Is there a good way to get the visible extent of the globe based on the current position of the camera? I know I can set the extent for the camera, but how can I get the extent from the camera?
This is difficult to do across all scene modes, but we have a Github issue for it. Keep your eye on https://github.com/AnalyticalGraphicsInc/cesium/issues/871
There are some past forum threads (with some code) that might help you as well
https://groups.google.com/forum/?fromgroups#!topic/cesium-dev/jYlLEnyv7lM
https://groups.google.com/d/msg/cesium-dev/e2H7EefikAk/OhEXBtn5yc0J
Hey Ashley, it might be worth talking a bit about what you’re trying to do as well. For top-down views, a camera extent can be useful, but for horizon views it tends to be huge and not very representative of what the viewer can actually see.
Kevin
I am laying a canvas on the current viewport in order to draw a heatmap. The canvas moves as the globe visible extent changes. I had just made the canvas be the extent of the entire world but that limited the resolution of our heatmap when I was really zoomed in.
My current solution is a brute force calculation which works fairly well no matter where your camera is:
- calculate the lat/lon of 8 points around the screen (top-left, top-center, top-right, middle-left, middle-right, bottom-left, bottom-center, bottom-right)
– if any of those screen points are not on the globe, move towards the center by 100px until we hit the globe and use that value. if we never hit the globe then throw out that point.
- use the min/max lat/lons to calculate our visible extent
Does your heatmap change with time or is it more or less static?

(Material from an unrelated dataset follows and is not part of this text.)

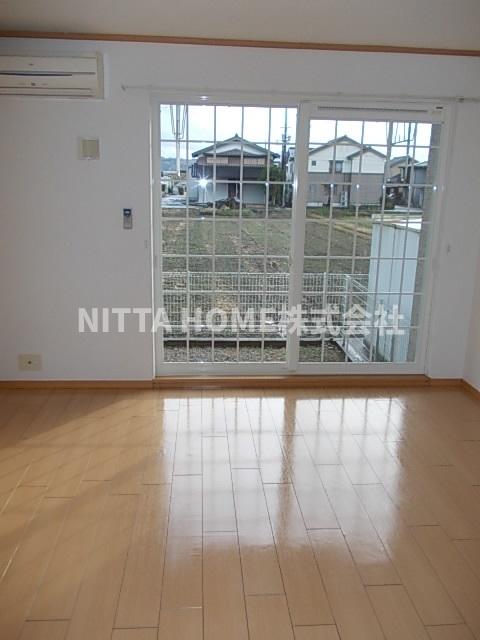 居室・リビング　６帖の洋室になります★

If it’s static, it sounds like a perfect case for a custom ImageryProvider. If it changes, it’s still a good use-case for an ImageryProvider but Cesium needs some changes to make that work smoothly.
Kevin
It changes over time but not that frequently. If it were an ImageryProvider could we manually ‘update’ the layer without changing the extent of the map?
Yes, that should be doable as long as the update rate is fairly low.
Imagery providers work in terms of a quadtree of tiles. The entire globe is covered by two images. Then, each of those images has four children covering the same extent but with twice the resolution. This continues to a depth of your choosing. Cesium figures out which tiles are visible in the current view, and requests them from the imagery provider, which can either request them from a remote server or generate them on the fly. The request happens asynchronously, and until a tile is ready, that tile’s parent (or grandparent, etc.) tile is shown instead. So the globe always shows your heatmap, it just improves in resolution as better data is loaded.
When the images change with time, the challenge with this approach is keeping the various tiles in sync. But if your data changes slowly, you’re probably in good shape.
The easiest way to update the tiles is to just remove the imagery provider layer and re-add it. That will refresh all the tiles, but will have the probably-unwanted side effect of making your heatmap disappear and then reappear incrementally as new tiles are loaded.
You could also add a new copy of the imagery provider on top of the existing one, and remove the old one once the new one is sufficiently loaded. That should avoid the flickering.
Better things are possible, like updating the images in-place, but it’s not straightforward. We hope to have better support for this sort of thing eventually.
Kevin
Kevin,
Has there been any additional getExtent functionality added to Cesium? If not, are there any plans to?
Hi,
No, there’s still no ‘getExtent’ function in Cesium, and as far as I know there are no plans to add one. The main reason is that horizon views in Cesium can and will have truly massive extents. We suggest people try to get away from thinking in terms of extent because it doesn’t make much sense in a 3D view where the camera can look out toward the horizon.